Anesthesia: Induction Chamber

Check our Anesthesia Induction Chamber



Conductscience’s anesthesia box is a state-of-the-art apparatus contrived from supreme quality acrylic. It is used to confine subjects during an induction procedure. Our anesthesia box comes with a top sliding lid for the convenient entry and removal of the subjects. The box is provided with two adjacent orifices; an inlet for the entry of the fresh anesthetizing gas and an outlet for scavenging the waste gas material. The transparent material helps in visualizing the physical state of the subject; thus preventing accidental overdosing.


The anesthesia box should be placed on an even surface with the opening away from the experimenter so that the sliding lid slides open toward the experimenter. The subject(s) should be carefully placed into the box, and the supply of fresh anesthetizing should be initiated and maintained for approximately 2 to 5 minutes. After the subject is fully anesthetized, anesthesia supply should be discontinued. Critical: Do not slide open the anesthesia box immediately, wait for about 10 to 15 seconds so that oxygen in the box neutralizes the gas concentration.
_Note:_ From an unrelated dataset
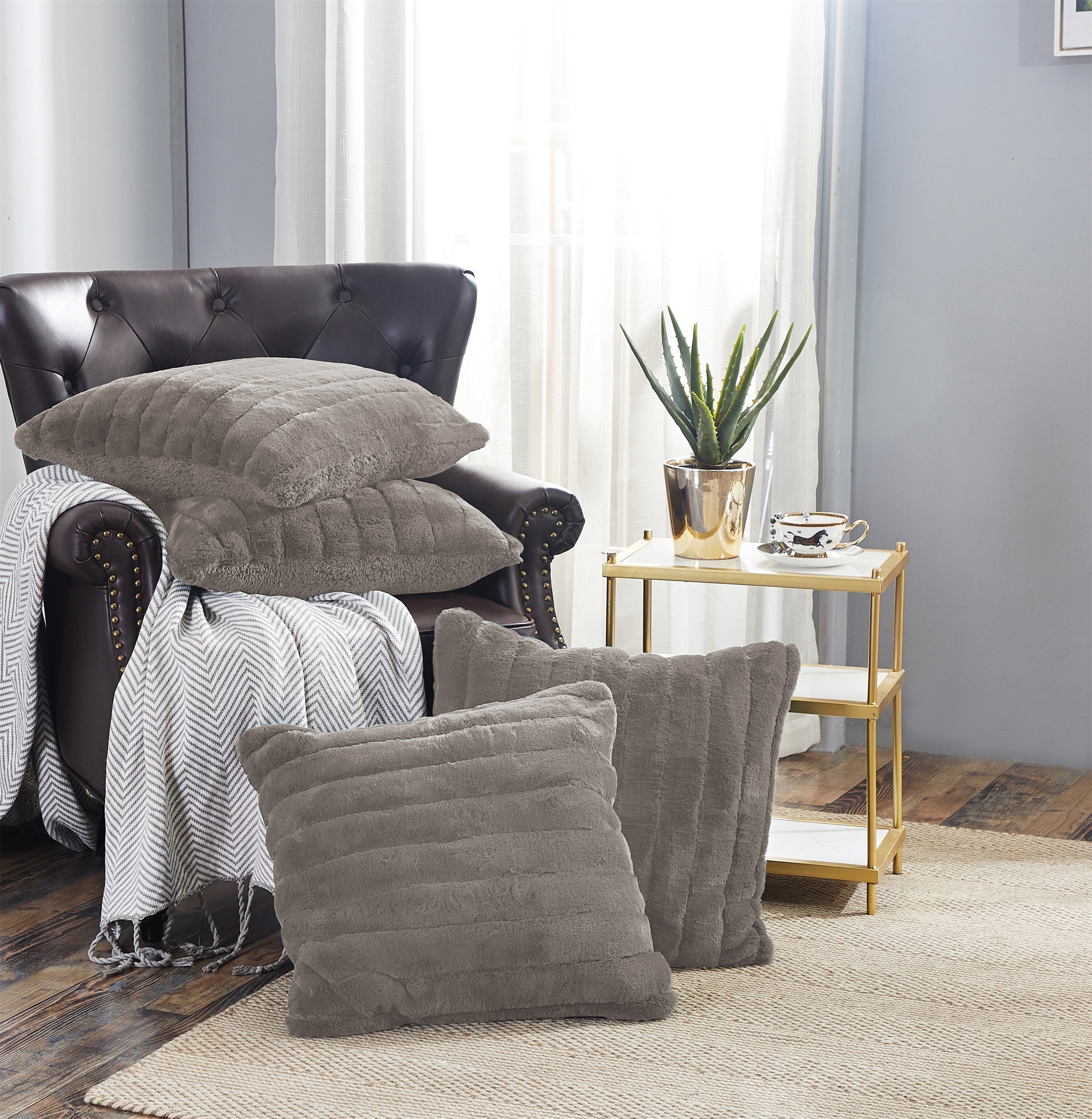 Fungi Faux Fur and Sherpa 20x20 Pillow Covers Set of 4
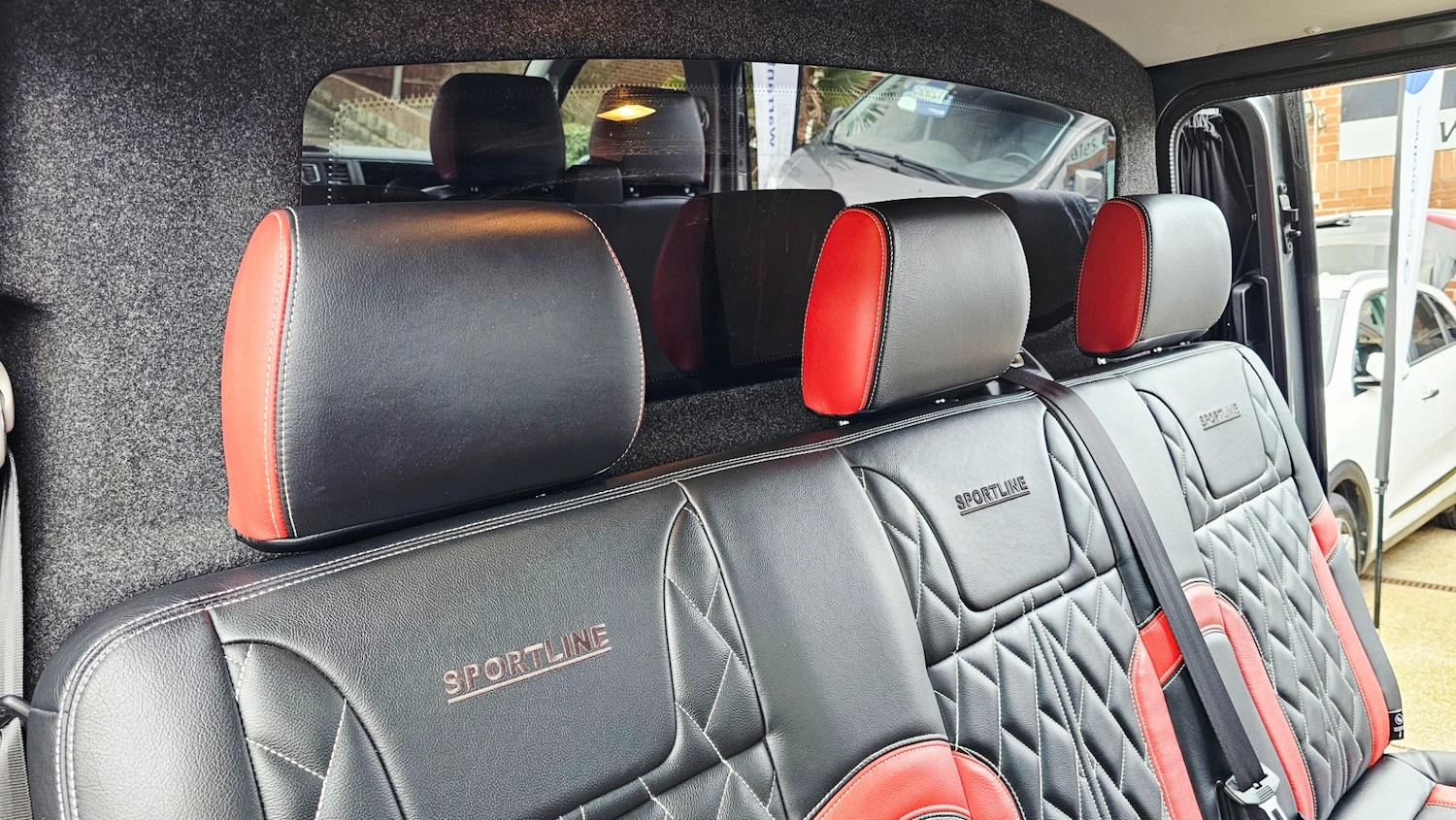 Used Volkswagen Transporter 2016 for sale - 77567651: Photo 24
Then the box should be lifted at the end closest to the experimenter to gently slide the anesthetized subject to the far end of the box. Finally, the sliding lid should be opened slightly, just enough to remove the anesthetized subject from the box, and closed immediately.


Caution: Do not slide the lid wide open, just enough so that a hand can be introduced for the removal of the subject.


By keeping the opening far away from the experimenter and limiting the time that the box is open, the risk of exposure to the experimenter will be diminished.


Our exquisite design allows the following benefits:

  • Our design is preferred over the conventional mask and circuits because it is less time-consuming and it can hold and anesthetize more than one subject simultaneously.
  • Our special design provides extra protection to the experimenter by keeping the opening far away from the experimenter.
  • Our device is compatible with almost all (non-explosive) gas mixtures. However, it should not be used with liquid organic solvents.
  • Our scavenging tube efficiently removes the waste gas materials.


The discovery of general anesthesia during the middle of the 19th century can be considered one of the most important developments in the history of medicine (Werner et al., 2011), and since then, its usefulness has found other important applications, such as animal research.


Much of research in the neurosciences is benefited from the use of experimental animals. A huge aspect of animal research is the employment of surgical procedures, and ethical considerations necessitate anesthesia as a tool for eliminating any unnecessary stress, pain, or discomfort the animal may experience during and after surgery. Today, there are many novel and sophisticated methods for administering different types of anesthesia, but the mechanisms have not changed. The anesthesia box presents a convenient way of employing gas induction procedures, with such substances as isoflurane, sevoflurane, and other inhalant agents, that, through inlet and outlet openings of gas and a transparent, sealed design, ensures the safety of everybody involved.